# Anyone here from Hawai'i?



## LittleMrsWildside (Jun 12, 2013)

Hello everybody, I'm a newbie to the world of goat raising, and I was wondering if there was anyone in the forum that lives in (or has lived in) Hawai'i? I'd love to find some fellow goat lovers that live close by.. I'd like some advice, you know.. pick your brain about the geographical and botanical qualities here in the islands.. I've just got some odd questions, typical newbie questions probably.. 

:laugh:

I live on the Big Island, in Mt. View.
But hey, if there is anyone out there that thinks they can help out a fellow goat lover, than I'm all ears


----------



## nchen7 (Feb 25, 2013)

Welcome from Barbados!

There are a few here who live in Hawaii!! Dayna for one, but I can't think of any others.


----------



## FarmerJen (Oct 18, 2012)

Get back to me in 5-10 years.  Went to Oahu for the first time two years ago and instantly fell in love. Headed to Kona & Hilo later this summer. Only place I've ever visited that made me instantly (and seriously!) want to move there! My current plan is to visit each island over the next few years and see which I like best. I'll be an "empty nester" in the next couple years... so ya never know... I might just do it! The idea of being able to garden year round makes it AWFULLY hard to resist!

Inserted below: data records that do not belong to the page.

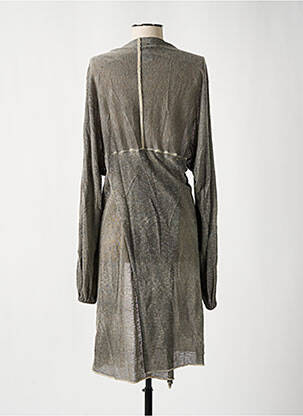 Gilet manches longues col v gris ELISA CAVALETTI femme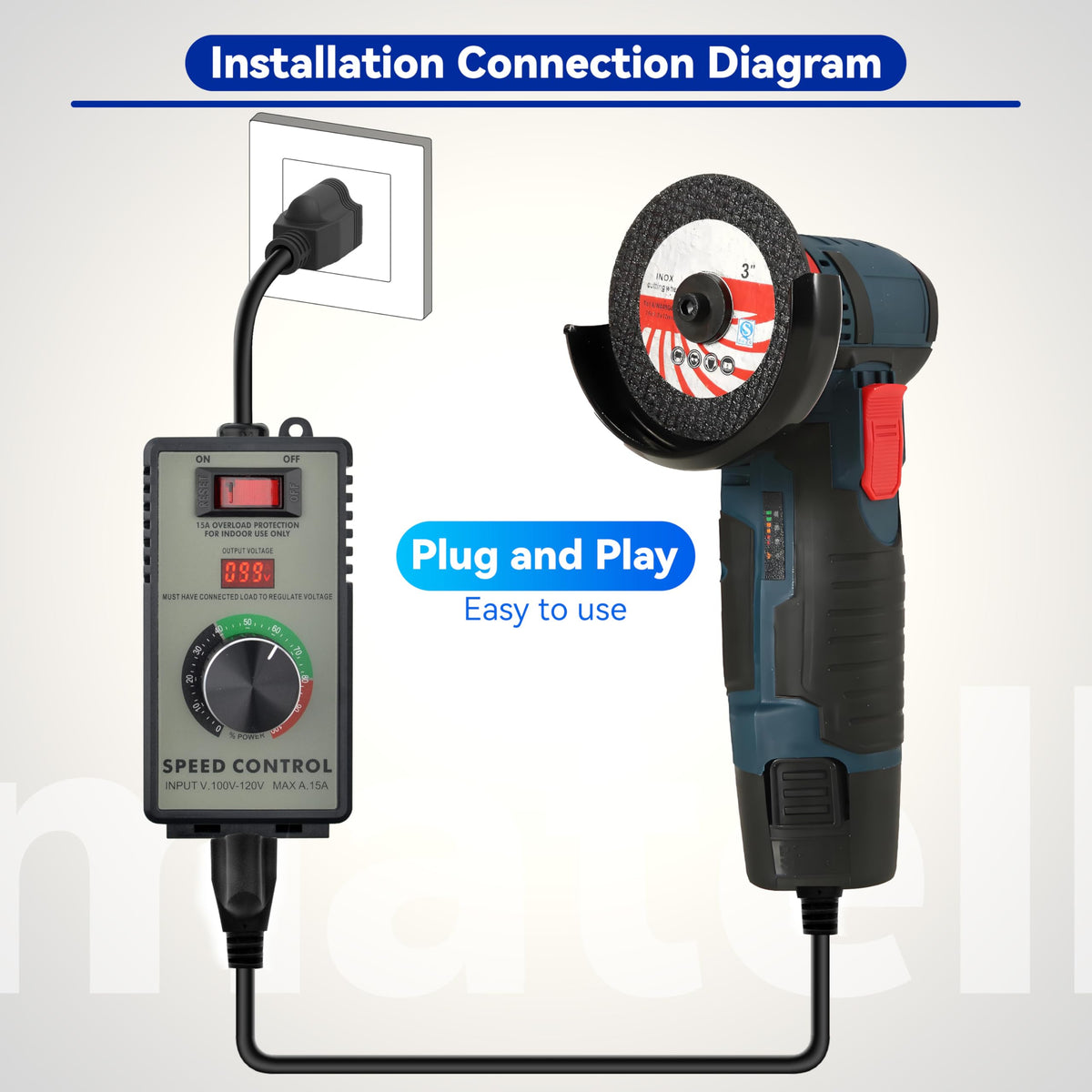 Matell controller with US Type A and B plug compatibility offers versatility.
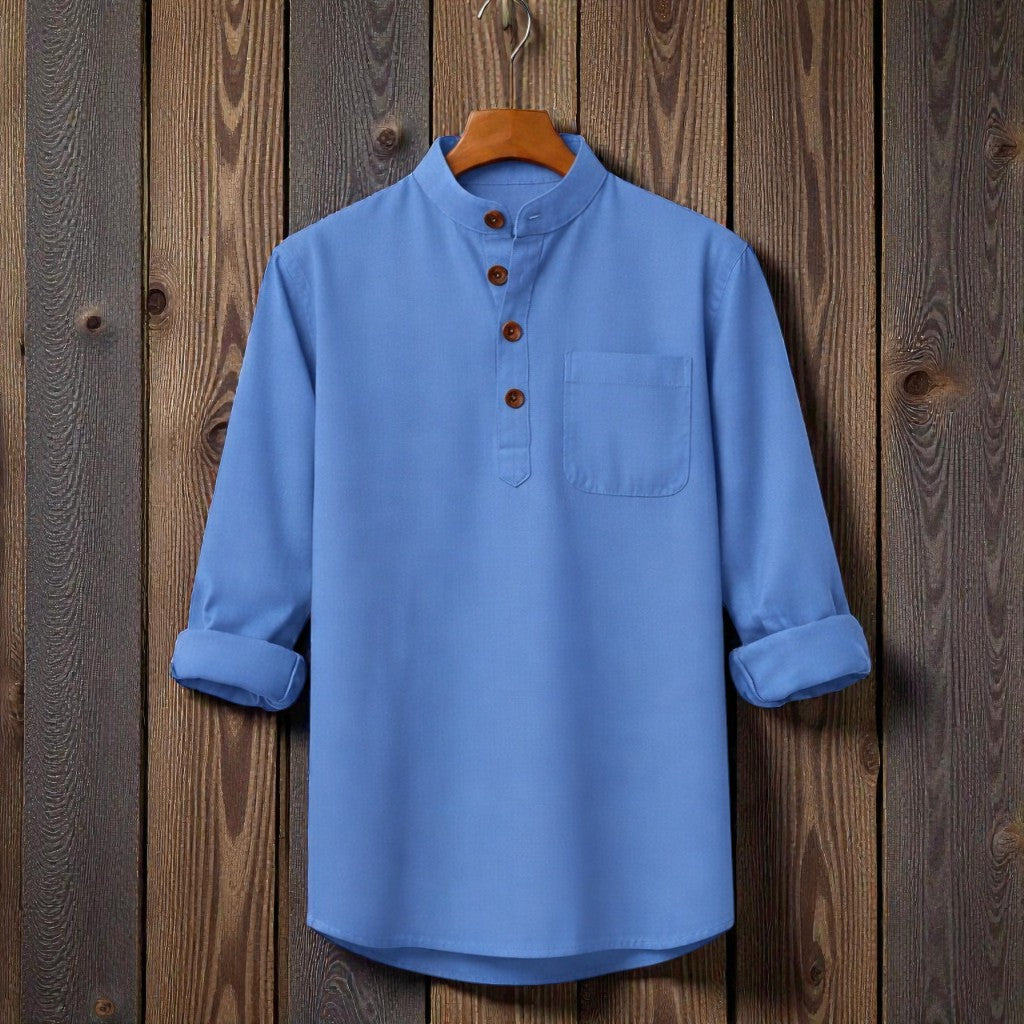 Premium Full Sleeve Luxury Katua - Sky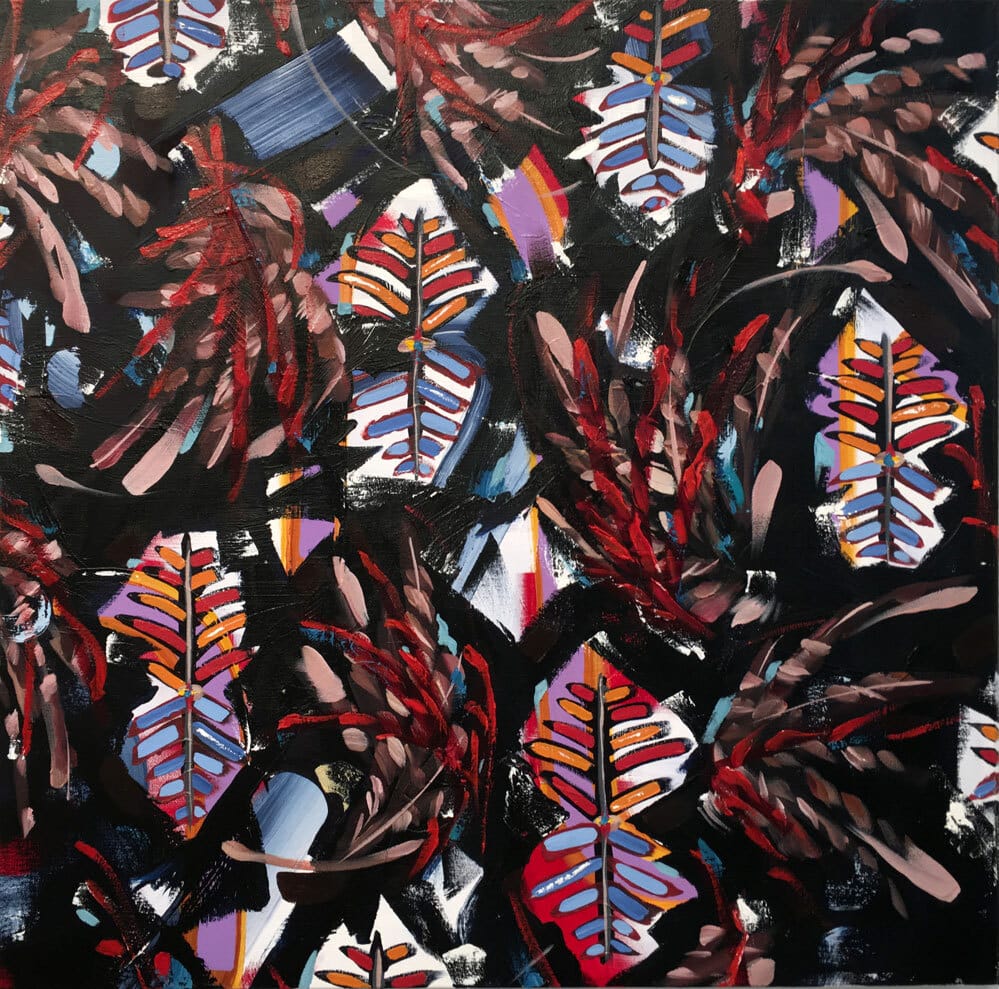 Yatika Fields in his studio.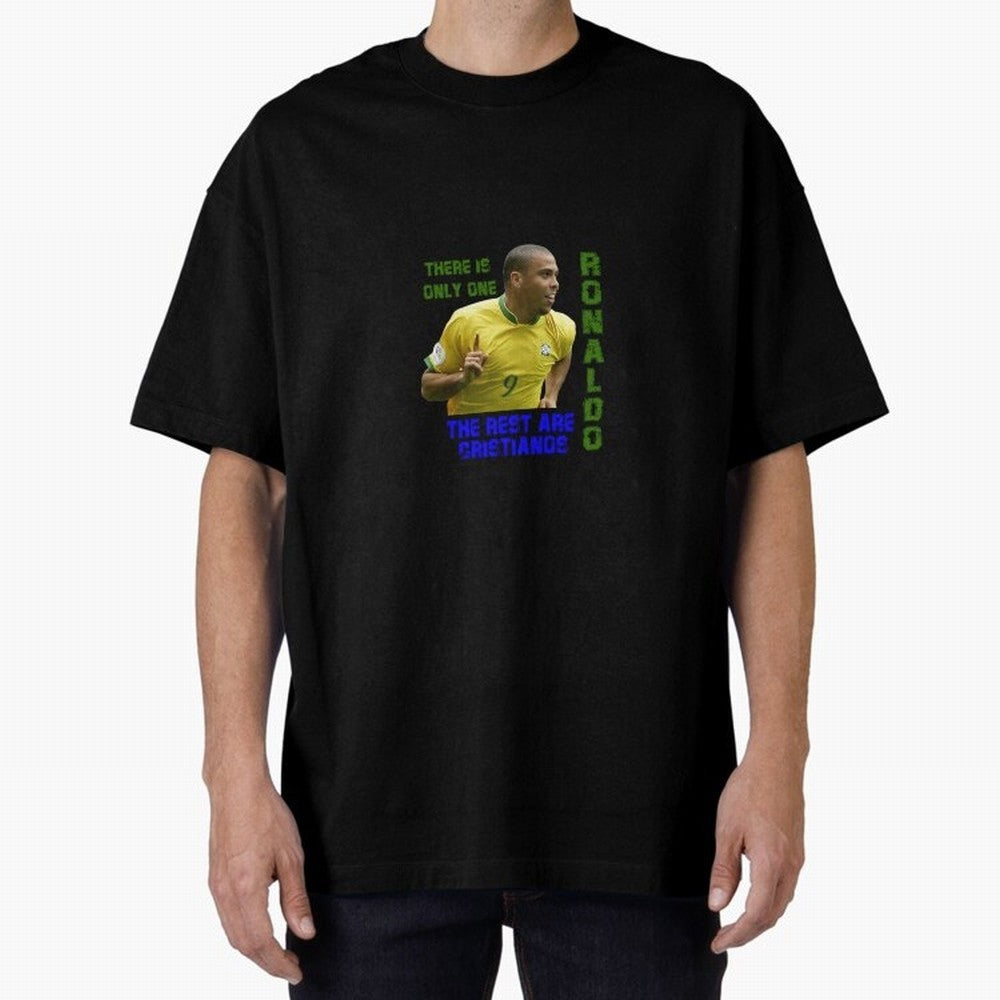 There is only one Ronaldo, the rest are Cristianos - Ronaldo Football Meme Oversized T-Shirt Celebrate Fan Culture around Match Day Hype around FIFA World Cup 2026 Group Stage, Cristiano Ronaldo, France, Stadium Memories, Football Loyalty,
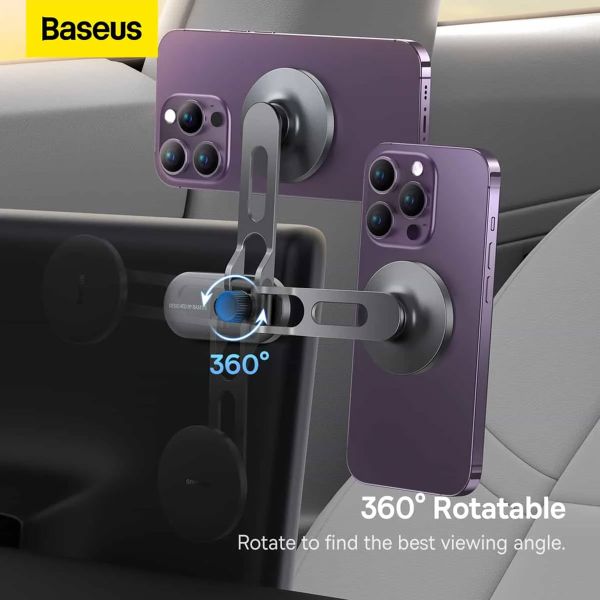 Baseus T-Space Series Magnetische Telefoonhouder auto - Dashboard en middenconsole - MagSafe - Frost Silver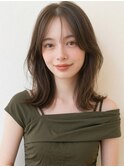 ミディアムくびれボブ20代30代40代◎前髪ありくびレイヤー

I know there's at least one person that posts a lot from Hawaii... though I can't remember who. I love seeing posts from those of you in Hawaii though! If/when I move there... I will definitely be having goats.


----------



## Texaslass (May 15, 2013)

We thought about moving there once!  I think Dayna lives in Hawaii. She has a thread going right now about her goat Cupcake.Welcome!


----------



## Little-Bits-N-Pieces (Apr 7, 2013)

I used to live there. For about 2 months.....
I still have property there, but I couldn't tell you a thing about the plants there. lol


----------



## goathiker (Apr 14, 2011)

Party vacation at Bits and Pieces property everyone!!!!!!


----------



## Little-Bits-N-Pieces (Apr 7, 2013)

goathiker said:


> Party vacation at Bits and Pieces property everyone!!!!!!


:ROFL:

That's really funny, you could throw a massive party there and I'd be none the wiser! I'm way to far from Hawaii to even know whats going on over there.


----------



## LittleMrsWildside (Jun 12, 2013)

nchen7 said:


> Welcome from Barbados!
> 
> There are a few here who live in Hawaii!! Dayna for one, but I can't think of any others.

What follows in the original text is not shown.